FrontierSmith: Synthesizing Open-Ended Coding Problems at Scale

We release FrontierSmith, a system that converts closed-ended coding problems into open-ended optimization tasks for training long-horizon coding agents.

TL;DR. We are releasing FrontierSmith, a system for synthesizing open-ended coding problems at scale. Starting from closed-ended programming tasks, FrontierSmith produces optimization-style problems with continuous scores, filters them for real solution diversity, and builds runnable training environments. In our experiments, models trained on FrontierSmith data can outperform models trained on human-curated open-ended data, and the resulting tasks elicit genuinely long-horizon agent behavior.

The Data Bottleneck

Code agents are getting very good at repetitive software work. Across research labs and startups, the next important question is increasingly about whether AI can solve open-ended optimization problems that matter in the real world: chip placement and routing, logistics, power-grid scheduling, database tuning, kernel optimization, and many others.
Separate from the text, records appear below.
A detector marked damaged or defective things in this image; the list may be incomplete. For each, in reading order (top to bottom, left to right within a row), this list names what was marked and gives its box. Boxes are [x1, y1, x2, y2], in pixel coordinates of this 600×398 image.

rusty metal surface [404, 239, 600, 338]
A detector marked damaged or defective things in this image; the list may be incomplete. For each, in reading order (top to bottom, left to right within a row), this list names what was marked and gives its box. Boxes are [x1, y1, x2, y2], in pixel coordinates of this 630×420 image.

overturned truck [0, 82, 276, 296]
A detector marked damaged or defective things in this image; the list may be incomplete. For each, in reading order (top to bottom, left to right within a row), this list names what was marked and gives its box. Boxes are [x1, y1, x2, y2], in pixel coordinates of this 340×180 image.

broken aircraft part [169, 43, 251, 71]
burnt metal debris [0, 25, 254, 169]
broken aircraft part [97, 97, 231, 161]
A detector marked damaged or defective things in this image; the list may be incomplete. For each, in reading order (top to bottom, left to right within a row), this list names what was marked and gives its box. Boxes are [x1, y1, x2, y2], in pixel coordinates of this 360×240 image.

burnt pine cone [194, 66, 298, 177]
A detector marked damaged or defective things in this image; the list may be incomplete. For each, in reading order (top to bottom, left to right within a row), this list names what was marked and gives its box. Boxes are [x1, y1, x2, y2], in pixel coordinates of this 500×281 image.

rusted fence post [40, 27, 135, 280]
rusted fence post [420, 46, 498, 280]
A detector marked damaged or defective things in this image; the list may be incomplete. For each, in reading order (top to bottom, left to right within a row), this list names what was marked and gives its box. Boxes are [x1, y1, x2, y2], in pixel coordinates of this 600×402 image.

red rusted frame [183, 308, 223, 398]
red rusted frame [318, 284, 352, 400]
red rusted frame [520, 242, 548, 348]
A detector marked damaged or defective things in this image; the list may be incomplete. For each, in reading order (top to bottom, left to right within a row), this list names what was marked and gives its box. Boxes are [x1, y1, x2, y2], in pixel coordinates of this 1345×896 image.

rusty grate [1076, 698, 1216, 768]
But our previous FrontierCS on Harbor blog showed a clear weakness. Today’s code agents are much less reliable in long-horizon, open-ended optimization than they are on traditional contest or math-style tasks.
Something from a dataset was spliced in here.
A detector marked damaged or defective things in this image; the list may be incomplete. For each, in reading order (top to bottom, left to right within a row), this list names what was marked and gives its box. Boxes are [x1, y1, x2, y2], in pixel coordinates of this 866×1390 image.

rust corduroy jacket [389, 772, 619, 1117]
We think a major reason is data.

Classic RLVR settings have huge amounts of high-quality training data. Competitive programming alone has more than 100,000 public problems, and the broader coding-data industry is continuously producing more. By contrast, if we add together open-ended optimization benchmarks such as FrontierCS, ALE-bench, KernelBench, and the recent MLS-Bench, we still only get hundreds of tasks.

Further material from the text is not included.